• _Problem description_
For the records below, give the number of lines that include the string "Unisex". Nothing else belongs in the answer.

=== Material provided ===

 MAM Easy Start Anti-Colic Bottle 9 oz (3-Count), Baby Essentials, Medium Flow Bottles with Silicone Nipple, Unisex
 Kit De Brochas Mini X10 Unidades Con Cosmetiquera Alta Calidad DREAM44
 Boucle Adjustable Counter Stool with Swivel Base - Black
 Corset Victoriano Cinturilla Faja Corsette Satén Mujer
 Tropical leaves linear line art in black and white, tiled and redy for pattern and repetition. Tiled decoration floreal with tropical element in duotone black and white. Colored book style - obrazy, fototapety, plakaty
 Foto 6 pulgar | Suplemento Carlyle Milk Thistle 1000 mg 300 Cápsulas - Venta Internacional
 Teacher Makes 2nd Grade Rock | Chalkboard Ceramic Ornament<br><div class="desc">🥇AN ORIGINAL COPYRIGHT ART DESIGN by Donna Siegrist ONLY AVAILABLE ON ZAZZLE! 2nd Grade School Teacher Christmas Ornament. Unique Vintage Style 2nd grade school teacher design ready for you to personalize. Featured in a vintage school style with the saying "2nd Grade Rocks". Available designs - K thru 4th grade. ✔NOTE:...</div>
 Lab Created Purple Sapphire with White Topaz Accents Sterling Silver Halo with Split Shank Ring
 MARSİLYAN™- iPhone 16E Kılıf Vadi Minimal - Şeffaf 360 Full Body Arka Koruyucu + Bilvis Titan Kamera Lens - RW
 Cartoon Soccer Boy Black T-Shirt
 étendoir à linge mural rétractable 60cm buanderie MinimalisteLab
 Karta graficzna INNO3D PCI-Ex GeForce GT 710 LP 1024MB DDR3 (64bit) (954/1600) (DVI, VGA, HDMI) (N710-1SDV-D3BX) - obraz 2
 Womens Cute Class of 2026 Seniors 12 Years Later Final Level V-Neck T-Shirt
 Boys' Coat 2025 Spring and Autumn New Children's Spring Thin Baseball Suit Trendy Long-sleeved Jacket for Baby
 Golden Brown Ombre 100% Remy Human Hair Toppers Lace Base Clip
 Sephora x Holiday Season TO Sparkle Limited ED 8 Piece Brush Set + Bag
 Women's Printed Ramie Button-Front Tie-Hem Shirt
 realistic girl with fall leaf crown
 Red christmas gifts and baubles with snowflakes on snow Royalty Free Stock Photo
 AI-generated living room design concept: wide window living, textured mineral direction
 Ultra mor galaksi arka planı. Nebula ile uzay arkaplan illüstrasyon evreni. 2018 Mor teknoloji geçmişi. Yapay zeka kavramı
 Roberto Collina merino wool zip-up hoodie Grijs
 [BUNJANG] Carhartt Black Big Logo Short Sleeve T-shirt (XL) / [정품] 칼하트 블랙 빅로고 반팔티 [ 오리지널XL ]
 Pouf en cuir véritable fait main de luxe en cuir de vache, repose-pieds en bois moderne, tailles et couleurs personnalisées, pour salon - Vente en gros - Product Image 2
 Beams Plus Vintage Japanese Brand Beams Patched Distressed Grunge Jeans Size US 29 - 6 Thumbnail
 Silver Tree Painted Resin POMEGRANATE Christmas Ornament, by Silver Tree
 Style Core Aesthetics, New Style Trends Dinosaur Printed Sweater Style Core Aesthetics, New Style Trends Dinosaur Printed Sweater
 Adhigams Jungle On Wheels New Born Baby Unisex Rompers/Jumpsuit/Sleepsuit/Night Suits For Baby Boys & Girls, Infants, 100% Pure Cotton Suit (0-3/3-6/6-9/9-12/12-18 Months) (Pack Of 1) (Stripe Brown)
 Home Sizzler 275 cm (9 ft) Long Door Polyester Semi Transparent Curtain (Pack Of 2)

===

• _Solution to the exercise_
2